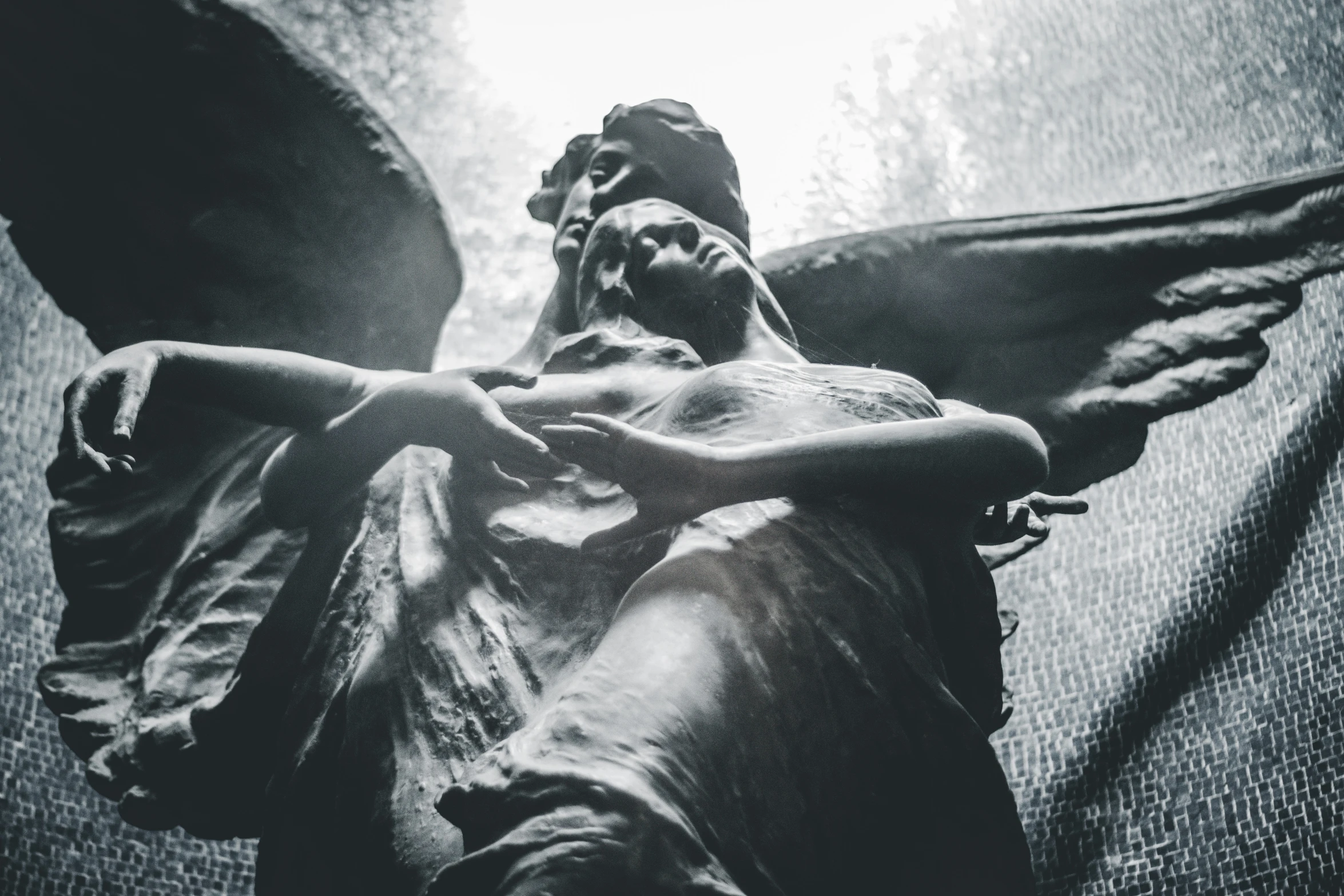 an angel statue laying on its side with it's wings spread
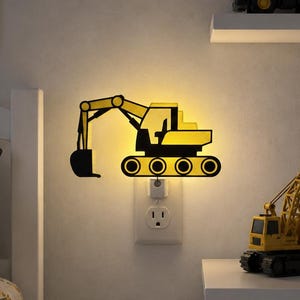 May include: A wall-mounted plug-in night light shaped like a yellow and black excavator. The light emits a soft glow from behind the silhouette of the construction vehicle, which is plugged directly into a standard wall socket on a light wall.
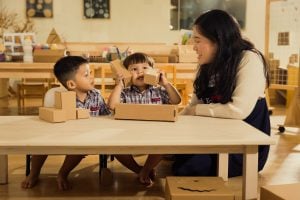 Two young children in school uniforms playing with cardboard blocks at a table, while a teacher sits beside them, smiling and engaging in the activity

━━━━━━

[What this task involves] Write out each line of the data above exactly, starting at the top and finishing with the line containing "May include: A"; omit the pictures.

[Solution to this task]
 an angel statue laying on its side with it's wings spread
 May include: A wall-mounted plug-in night light shaped like a yellow and black excavator. The light emits a soft glow from behind the silhouette of the construction vehicle, which is plugged directly into a standard wall socket on a light wall.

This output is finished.